Limbaugh claimed Ahmadinejad letter to Bush contained “liberal Hollywood Jewish people talking point”
Written by Simon Maloy
Published
On the May 10 broadcast of his nationally syndicated radio program, Rush Limbaugh claimed that Iranian President Mahmoud Ahmadinejad's letter to President Bush contained “Democratic talking points,” and “even some liberal Hollywood Jewish people talking point.”
From the May 10 broadcast of Premiere Radio Networks' The Rush Limbaugh Show:
LIMBAUGH: So even Mahmoud knows how to push our buttons. [In Middle Eastern accent] “You need to feel guilty about your existence and what you've done in the past, and we need to talk about that, and you need to atone.”
" 'It's not an issue of whether we respond,' said the White House spokesman Scott McClellan" -- Scott McClellan? When is Tony Snow taking over, over there? Monday. They're doing double duty. OK. " 'It's not an issue of whether we respond, it's an issue of whether the regime will respond to the demands of the international community.' The letter covers a list of grievances that have made Bush deeply unpopular among Muslims: The Iraq war, the U.S. support for Israel, and the treatment of prisoners in Guantánamo Bay."
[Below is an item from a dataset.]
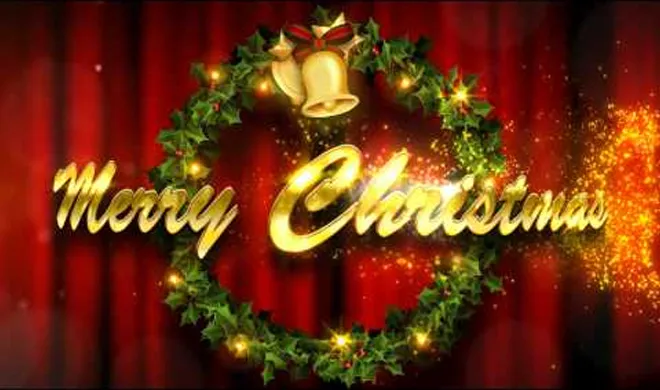 Christmas 2017: फेंड्स को करना है खुश तो इस क्रिसमस खुद से बनाएं इस तरह का ग्रीटिंग कार्ड merry christmas- India TV Hindi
Once again, it's the Democratic talking points, other than Israel, and even there -- yeah, it's [anti-war activist] Cindy Sheehan talking -- it is, you're right. It's Cindy. It's even some liberal Hollywood Jewish people talking point. Oh, I'll tell you, the Shelby Steele thing explains a lot. I've run into so many liberal Jews around the country that are pro-Palestinian. And I've never understood it, and they've kind of given me indications, “Well, it's just not fair; they're just a minority, and the U.N. [United Nations] gave these people a country, and they pushed these other people out.”
It's all -- it's wrapped up in Shelby Steele. It's white supremacy; it's white guilt. And it even is relevant in the Israeli-Palestinian issue when you have -- how do you explain The New York Times constantly editorializing against Israel?
In the letter to Bush, Ahmadinejad wrote:
Mr. President, I am sure you know how -- and at what cost -- Israel was established: many thousands were killed in the process; millions of indigenous people were made refugees; hundreds of thousands of hectares of farmland, olive plantations, towns and villages were destroyed. This tragedy is not exclusive to the time of establishment; unfortunately, it has been ongoing for 60 years now.
Ahmadinejad's 18-page letter, which touched on the failure to find weapons of mass destruction in Iraq and the unlawful detainment of prisoners, also expressed skepticism about whether the Holocaust occurred:
One of my students told me that during WWII, which more than tens of millions of people perished in, news about the war was quickly disseminated by the warring parties. Each touted their victories and the most recent battlefront defeat of the other party. After the war they claimed that six million Jews had been killed. Six million people that were surely related to at least two million families. Again let us assume that these events are true. Does that logically translate into the establishment of the state of Israel in the Middle East or support for such a state? How can this phenomenon be rationalized or explained?
Ahmadinejad has previously advocated “wiping Israel off the map,” has referred to Israel as a “rotten, dried tree,” and has dismissed the Holocaust as a “myth.”
Shelby Steele, to whom Limbaugh referred, is a research fellow at the Hoover Institution at Stanford University and the author of White Guilt: How Blacks and Whites Together Destroyed the Promise of the Civil Rights Era (HarperCollins, May 2006). Steele also published an op-ed on May 2 in The Wall Street Journal in which he argued that “America has increasingly practiced a policy of minimalism and restraint in war” because of “white guilt.” According to Steele's op-ed, white people are “stigmatized with moral crimes,” and “lack moral authority and so act guiltily whether they feel guilt or not.”